Of course, there is vast literature in robotics that studies navigation. Classical approaches operate purely geometrically: a) a geometric map, that comprises of a 3D reconstruction of the world, is built from observed images and sensor readings, b) localization in this map happens through geometric consistency of matched feature points, and c) path plans are computed by explicitly rolling out system dynamics in occupancy maps. Such reliance on explicit hand-crafted representations limits the performance and robustness of these classical methods in many ways. Classical geometry-based approaches operate purely based on explicit observations, and ignore statistical priors (experience from similar other environments), that can be used to make meaningful speculations about unobserved parts of the environment. At the same time, classical methods rely on always being able to localize the agent in the map. Precise localization is challenging (such as in long texture-less hallways, or in dynamic environments), specially using purely hand-crafted features and geometric reasoning; at the same time it may not even be necessary at all times. Finally, individual modules in classical pipelines can not be trained jointly. This makes them hard to design and optimize, given surrogate metrics that may not correlate with the performance of the overall system. Contemporary learning based approaches [4, 8] have focused on incorporating statistical priors, making localization implicit, and jointly optimizing for the end task. But, they have completely ignored the question of representation of spaces by making it completely implicit in the form of neural network activations.

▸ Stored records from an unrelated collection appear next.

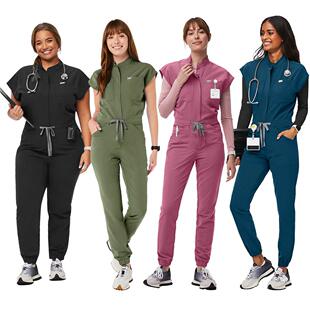 Womens work uniform Zipper Mandarin Collar Nurse Scrub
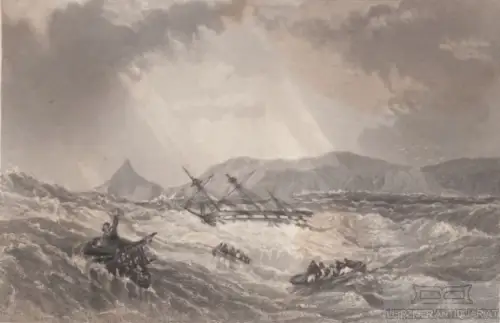 Cap Horn. aus Meyers Universum, Stahlstich. Kunstgrafik, 1850, gebraucht, gut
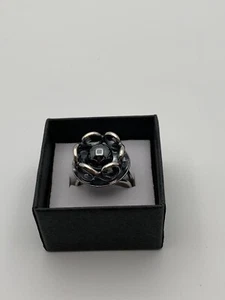 Vintage handgefertigter .925 Hämatit Mitte (,25") 7,4 g Masaniello Ring gestempelt JM. V40 - Bild 1 von 10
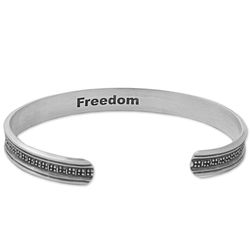 Freedom Sterling Silver Cross Motif Cuff Bracelet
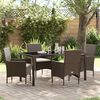 vidaXL Garten Essgruppe mit Kissen 5 pcs Braun Poly-Rattan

In this project, we want to pursue rich and expressive representations for spaces that can be learned from data in a task-driven manner. But crucially, in departure from contemporary learning based efforts, we want to build space representations that allow for novel path planning, finding shortcuts, and robust execution of planned paths in dynamic environments, while at the same time only using limited amount of interaction with a novel environment.
Proposed Approach
In this project, we propose to build map and landmark based representations for spaces: map based representations are used for spatial reasoning to plan paths and find shortcuts [2], while past visual memories are used to derive visual fixes (landmarks) to reliably follow planned paths under noisy actuation and changes in the environment [3].
Our map based representation (shown in Figures 1 and 2), absorbs observations made by the robot into a spatial memory that serves as map for doing path planning. Both the mapping function and the planning computation can be done differentiably, allowing joint end-to-end training of the mapper and the planner. This enables training of the mapping and planning modules on data, allowing us to leverage statistical regularities of the real world and making speculations about unseen parts of the environ- ment. At the same time, the mapping process is driven by the needs of the planner, leading to more expressive representations over just capturing space occupancy as done by traditional methods.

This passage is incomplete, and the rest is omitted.